Paul – e aqui vai um alerta de spoiler neste parágrafo – é o personagem que encarna tanto a loucura da guerra (que nunca abandona seus envolvidos) quanto a "loucura" de um negro votar em Trump. A exemplo do que seu presidente costuma fazer, Paul vê o estrangeiro como inimigo ou fracote. Individualista, vai estar sozinho quando precisa de ajuda. Traidor do movimento, terá de lidar com uma cobra, animal que simboliza a arapuca em que se meteu. Crente, verá fantasmas – que, se por um lado podem representar sua consciência, por outro não deixam de ser notícias falsas. Não à toa, a certa altura acaba colocado de cabeça para baixo.
Mas Paul também é um vetor positivo.
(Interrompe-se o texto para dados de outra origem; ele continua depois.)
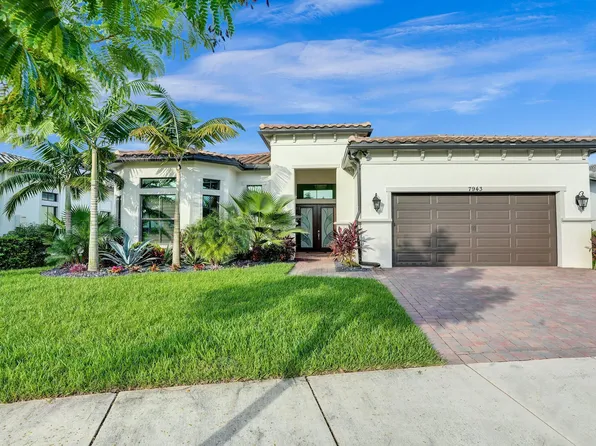 7943 Deer Lake Court Court, Parkland, FL 33067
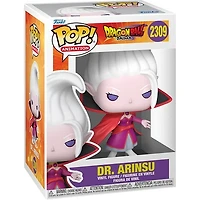 Dragon Ball Daima Dr. Arinsu Funko Pop! Vinyl Figure #2309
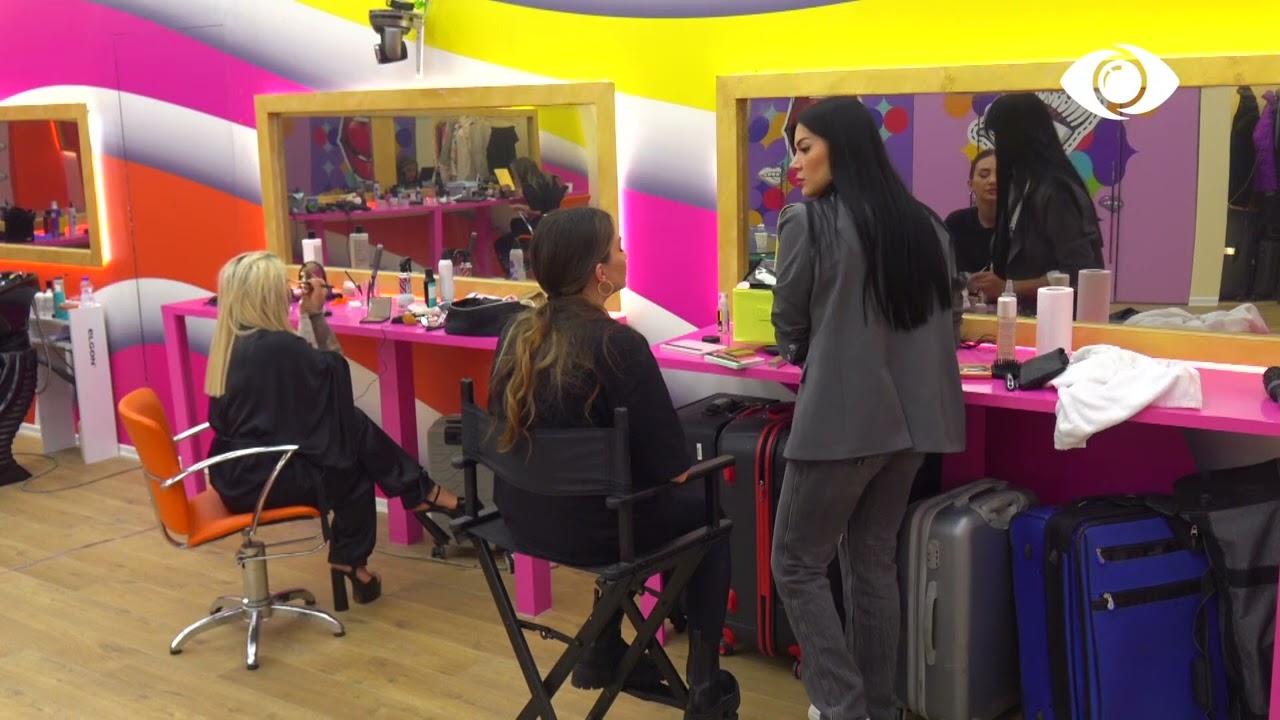 Harron ai që unë nuk e shoh/ Efi flet për të dashurin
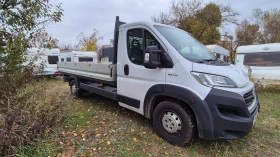Fiat Ducato Multijet Iveco  | Mobile.bg    4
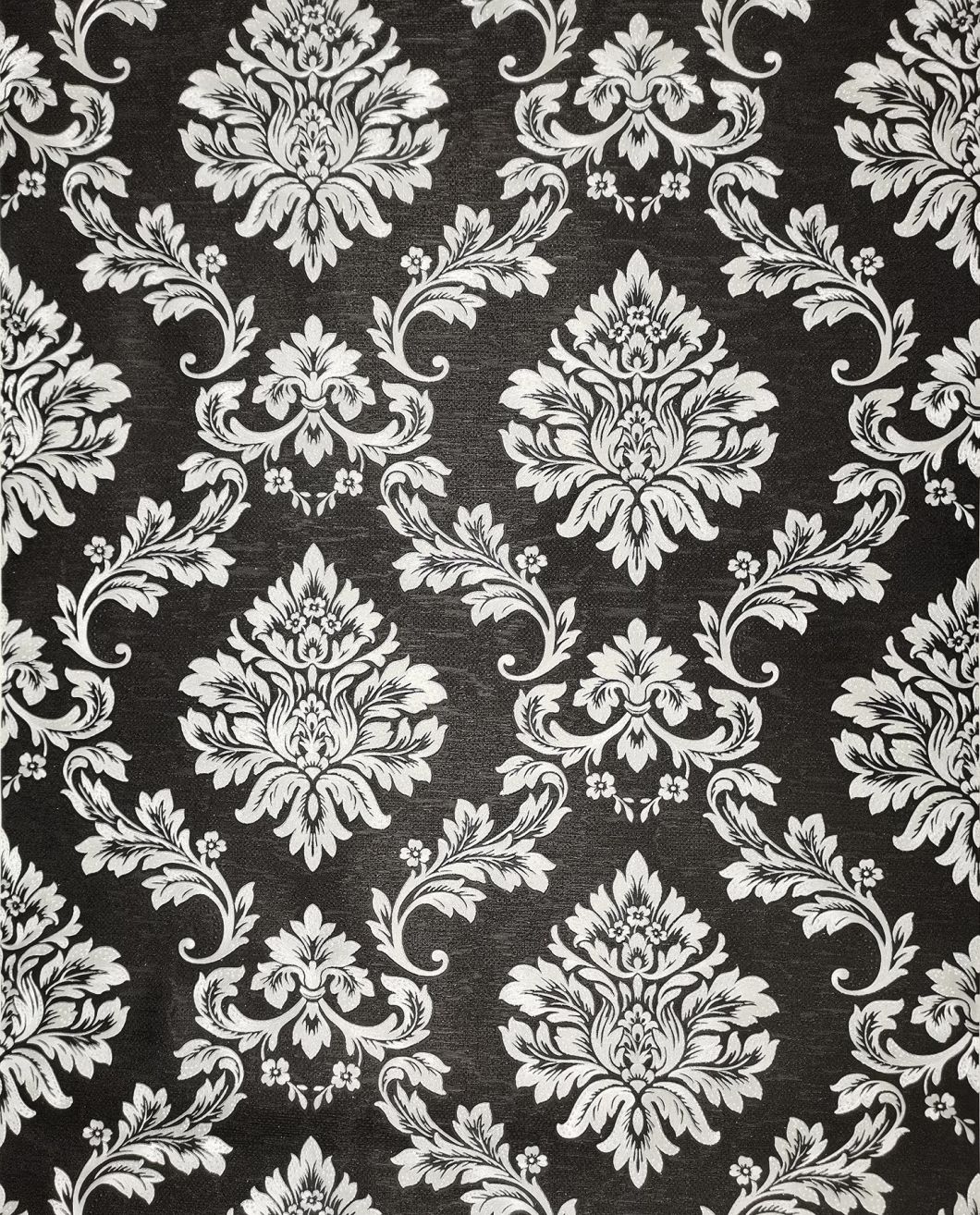 PVC Vinyl Wallpaper High Quality Wall Paper for Home Decor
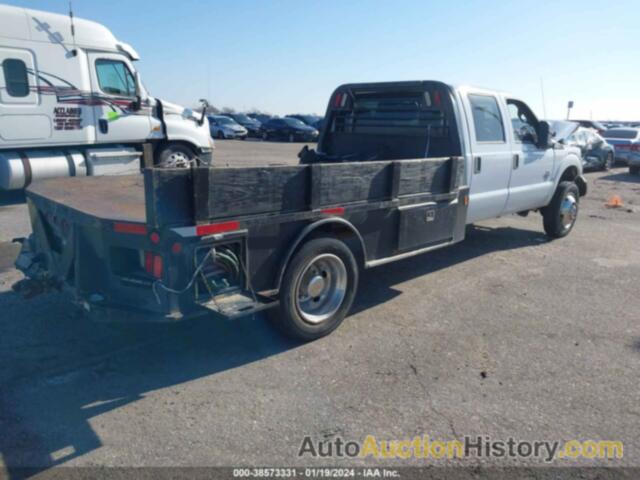 FORD F-550 CHASSIS XL, 1FD0W5HT0BEA37173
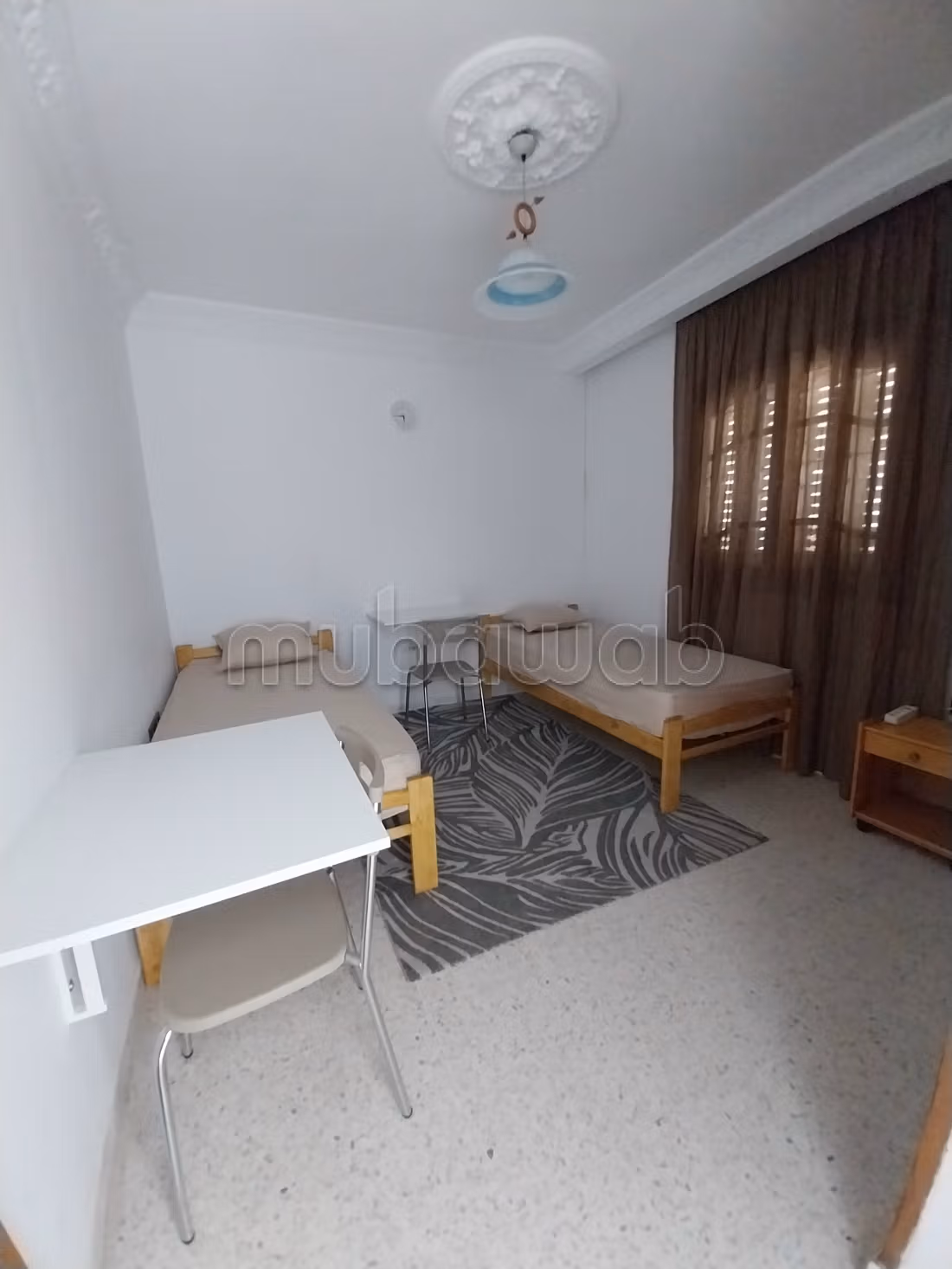 Location Etudiante Monastir
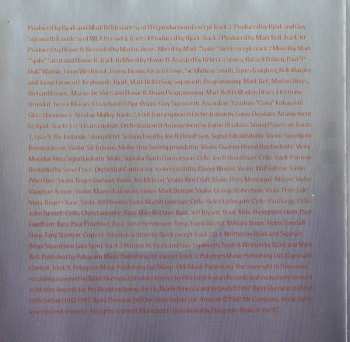 CD Björk: Homogenic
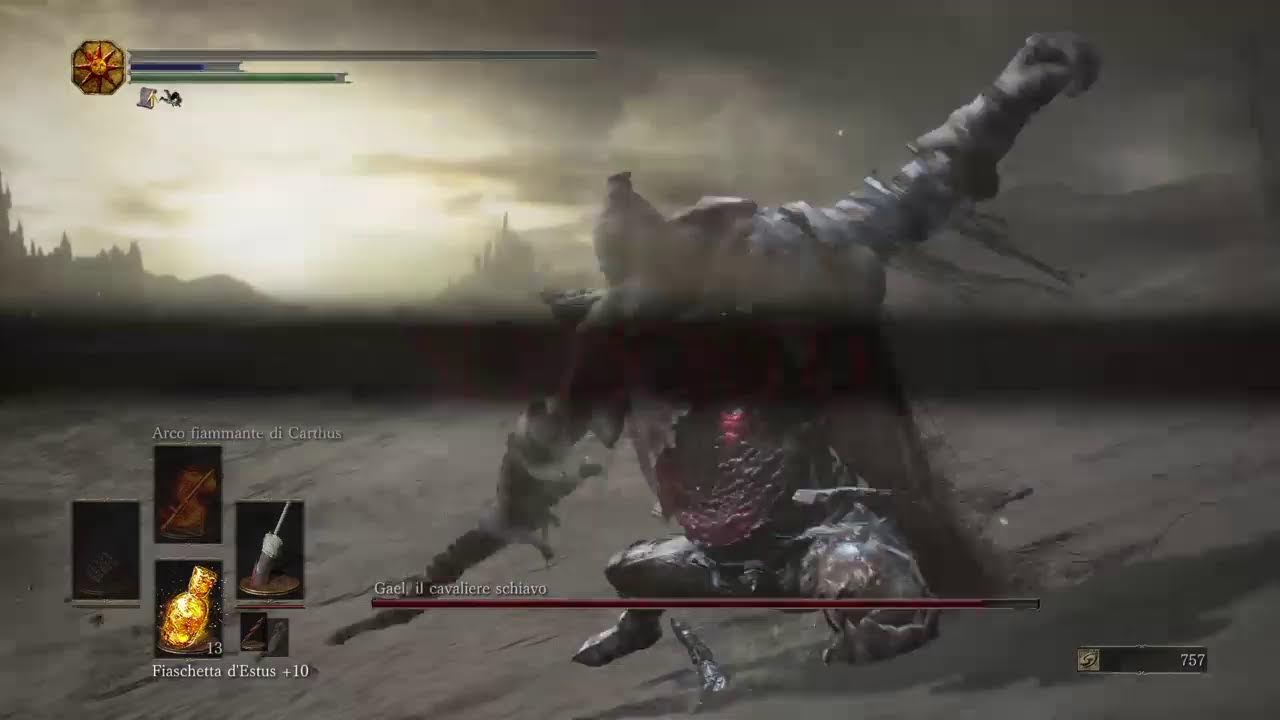 Dark Souls 3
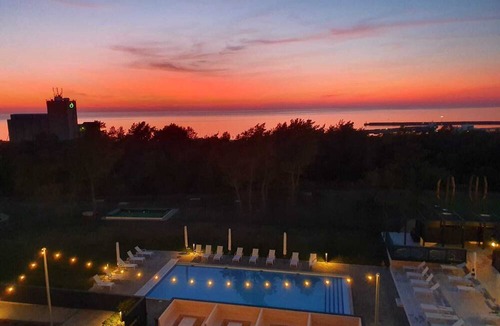 Innerstaden Hotel | First Hotel Kokoloko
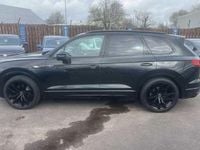 Used VW Touareg 286 HP (210 kW) 2023 SUV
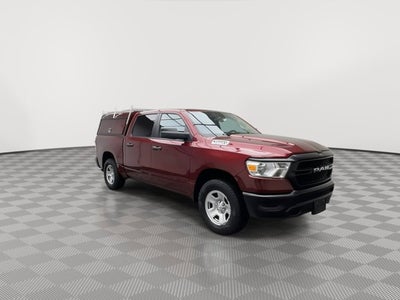 2020 RAM 1500 Tradesman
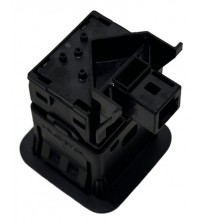 Chave On/off Airbag Toyota Corolla Xei 2024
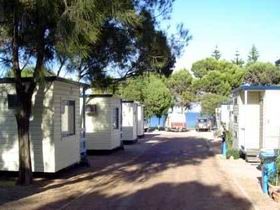 Ceduna Foreshore Caravan Park - Accommodation in Brisbane 0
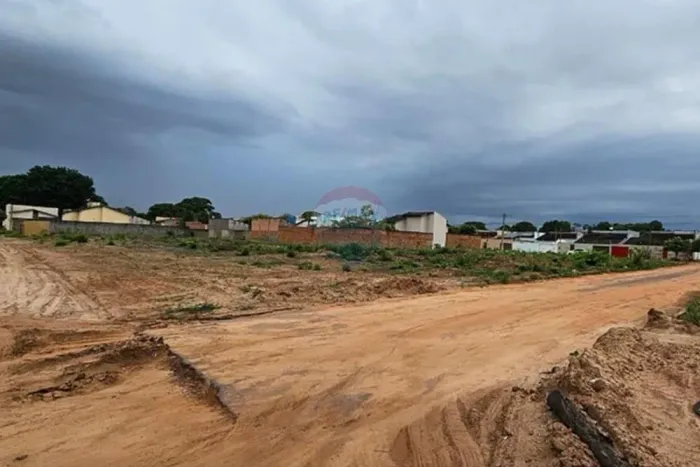Lote à venda no Loteamento Nova Araguaína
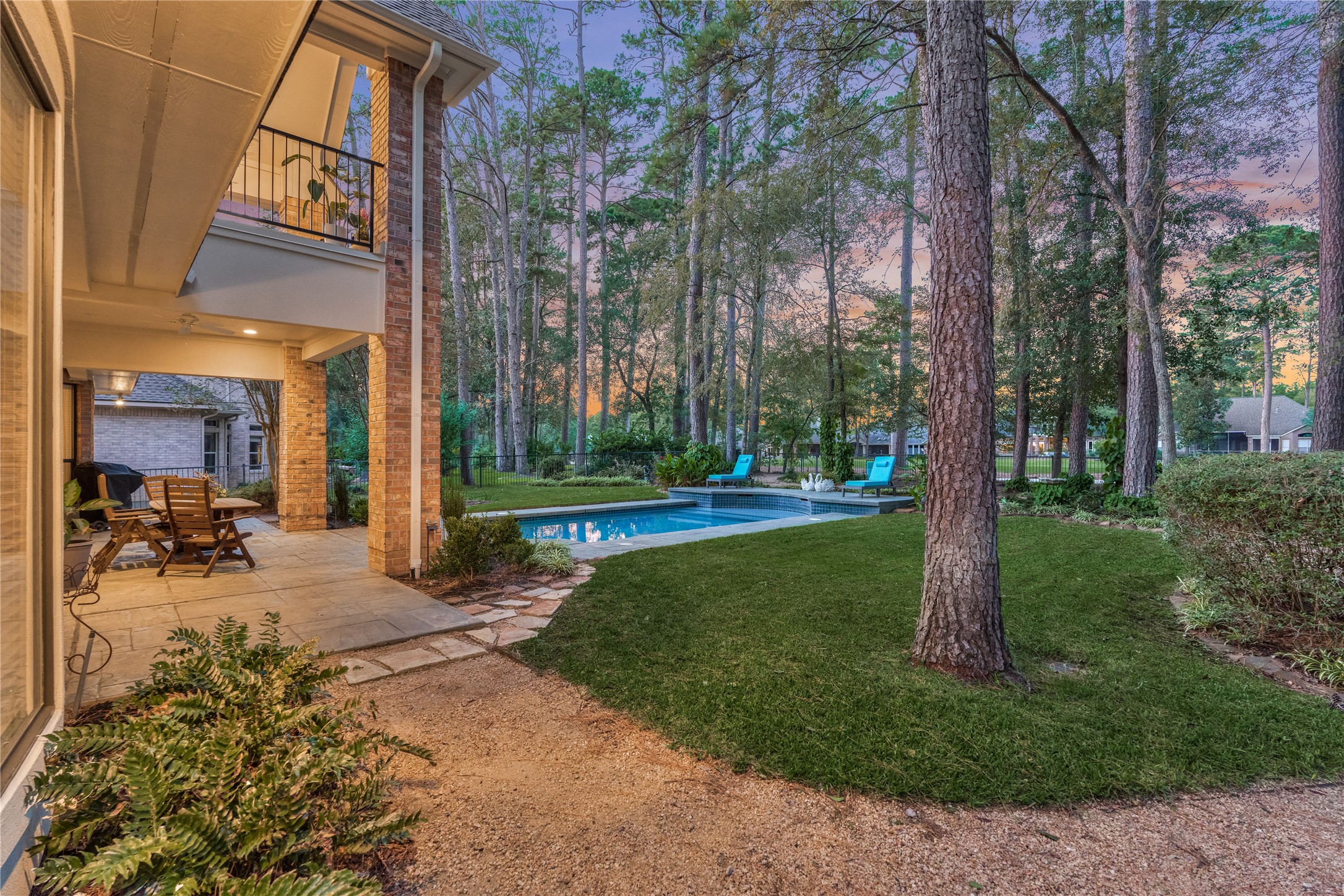 3073 Bentwater Drive, Montgomery, TX 77356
É ele quem, em uma cena carregada de simbolismo, aponta um caminho para a salvação: reatar laços familiares e colocar todo mundo a puxar a corda na mesma direção.
Por fim, como em um legítimo filme de Spike Lee, Destacamento Blood conecta ficção e realidade, passado e presente, amor e revolta, dor e esperança. A coincidência de ser lançado na esteira do caso George Floyd – o homem negro morto covardemente por um policial branco em Minneapolis, nos EUA – torna ainda mais pungentes a menção ao movimento Black Lives Matter e a reprodução de um discurso de Martin Luther King feito exatamente um ano antes de seu assassinato, em 1968: "Reforçamos que a América nunca seria livre ou salva de si mesma até que os descendentes de escravos sejam completamente libertados dos grilhões que ainda usam. De certa forma, concordamos com (o poeta) Langston Hughes, o bardo do Harlem, que escreveu: 'Ah, sim, eu afirmo que a América nunca foi a América para mim. Mas eu juro: a América ainda será!'".